Thursday, 22 February 2024
TechSeparation of Citi México and Banamex for the second half of 2024

Separation of Citi México and Banamex for the second half of 2024

MEXICO CITY (apro).- During the second half of next year, the separation of Banamex and Citi México will be completed to remain in two different organizational structures, with independent resources and without duplication of functions, announced the general director of Citibanamex, Manuel Romo. .

This year the license for what will be Citi México was finalized and by the second half of 2024 the total segregation of information between Banamex and Citi México will be complete, the executive indicated in a meeting with the specialized press.

With this division, Citigroup will finalize its exit from retail banking after the frustrated sale of the bank, announced in January 2022.

Banamex will take advantage of its roots in Mexico with its portfolio of 23 million clients, said the top representative of the country’s fourth largest banking entity.

Citi Mexico will be dedicated to leveraging the country’s economic opening and foreign trade, backed by its more than four million dollars that it moves per day, he added.
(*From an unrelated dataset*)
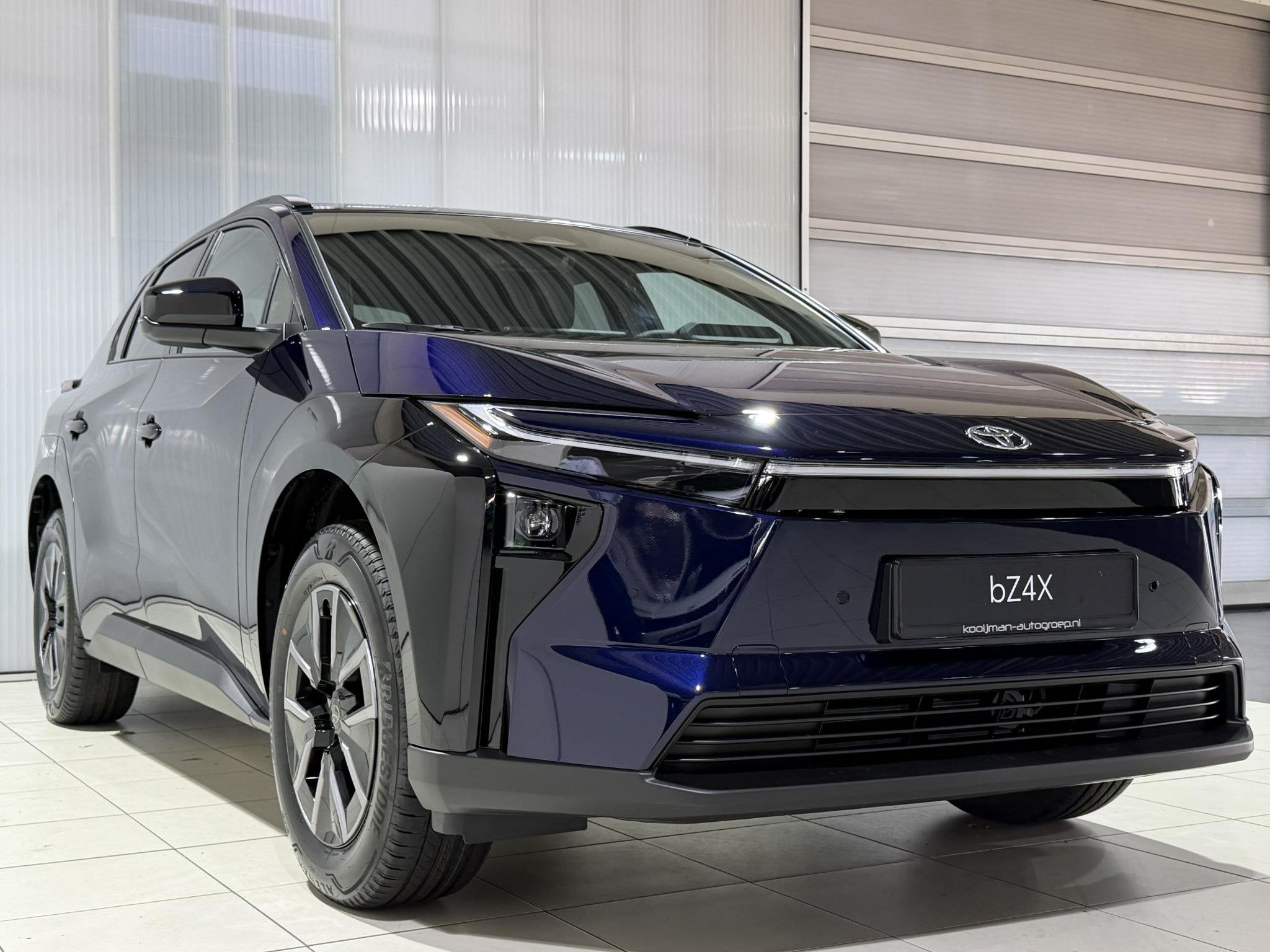 Toyota bZ4X Active Limited Edition 58 kWh, Auto's, Dealer onderhouden, 444 km, Blauw, Leder en Stof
According to Romo, Mexico’s economic expectations are favorable for the business of the two new entities.

Despite the economic slowdown in the United States, the bank predicts that next year Mexico could have a growth of 2.0% of the Gross Domestic Product, an inflation of 4.28%, a decrease in the interest rate to 8.25% and a rate exchange rate of 19.42 pesos per dollar.
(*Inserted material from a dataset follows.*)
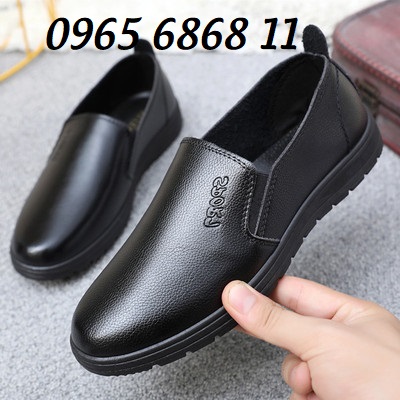 Giày đầu bếp chất liệu da nubuck không thấm nước khử mùi hôi chân giày bảo hộ cho nhân viên bếp trong môi trường dầu mỡ trơn trượt giày thể thao chống nước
This economic optimism, however, is anchored to the advantages of the so-called “nearshoring” or location of North American companies in Mexico.
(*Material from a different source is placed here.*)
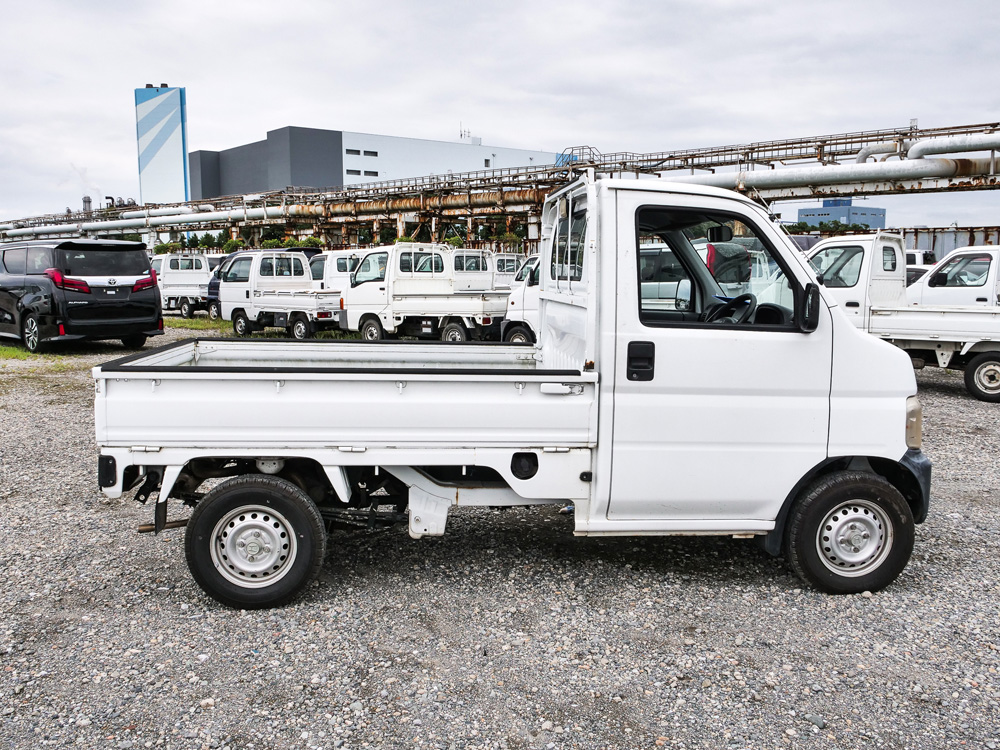 2000 Honda Acty, Maneul 5 speed, 3 cyl 660cc injection, 20 100 km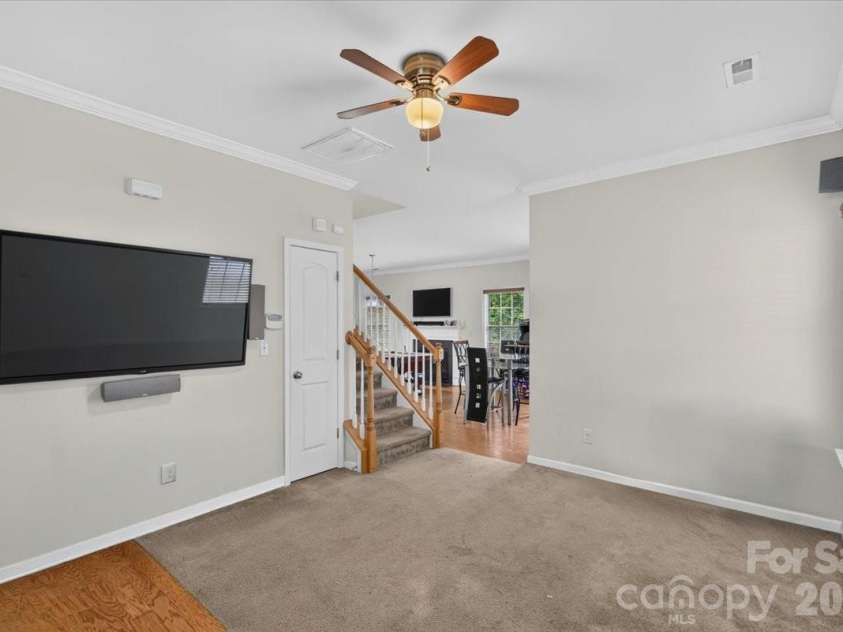 3323 Mortemer Lane, Charlotte, NC 28262.  MLS# CAR4405614, YatesRealty ID 38933.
Already in 2023, Mexico reached a historical maximum of 16% participation in imports from the United States, surpassing China and Canada for the first time.

The potential is even greater, Romo said: it could add 2.5 to GDP over the next six years and achieve foreign direct investment of up to $50 billion.

But this scenario is anchored to an energy transition towards a low-carbon economy in the face of the consequences of climate change, such as the disaster caused by Hurricane Otis in Acapulco.

In addition to strengthening the rule of law, Romo also mentioned that another challenge for Mexico is closing the gender gap, since difficulties persist for women’s entrepreneurship.